Century’s Valecha added: “The reopening of the Chinese economy is a major tailwind for gold. 

“The early arrival of the Lunar New Year is further boosting gold prices just as the world’s biggest bullion consumer emerges out of lockdown.”

Central banks boost stocks

Analysts also noted banks have been buying gold at a record pace and are expected to continue doing so alongside a rise in demand.

“Central banks across the world, particularly in Iraq, India, Ireland, Egypt and Turkey, purchased gold at a record pace in 2022,” Valecha said. 

“A recent survey conducted by World Gold Council indicates this momentum is likely to persist in 2023 as 25 percent of central banks are expected to increase gold holdings further.”

ISA Bullion’s Moti added that gold will continue to perform well against other assets, as a looming recession across western European markets is likely to impact growth in the equities market. 

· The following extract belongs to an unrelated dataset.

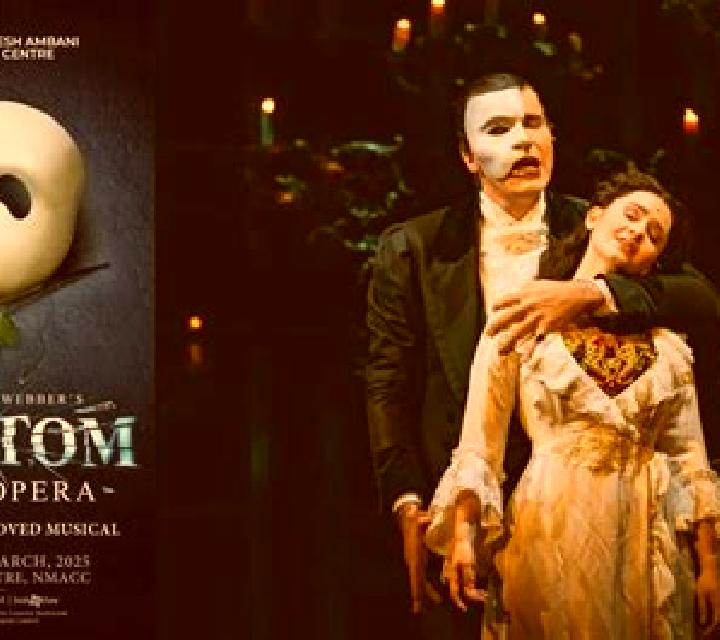 Opera Of The Masks online slot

“As such, gold will continue as a key investment for retail and institutional investors alike, as it shields [them] from rising inflation,” Moti said.

Carsten Menke, head of next generation research at Julius Baer in Zurich, sounded a note of caution, however.

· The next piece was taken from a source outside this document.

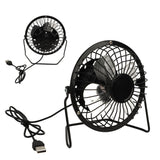 Solar Panel Powered Fan 5W USB 360 Degree Adjustable Solar Panel Greenhouse Fan for Outdoor Chicken Coop Dog House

“Holdings of physically backed products, our preferred gauges of investment demand, have not recorded any inflows, neither for gold nor for silver,” Menke said.

“While recession risks in the US have risen over the past few months, we still believe that the economy should show modest growth this year.

“All in all, we thus believe that investment demand for gold is unlikely to pick up next year. Instead, we should rather witness a further gradual fading of safe-haven demand, assuming no major economic or geo-political hiccups.”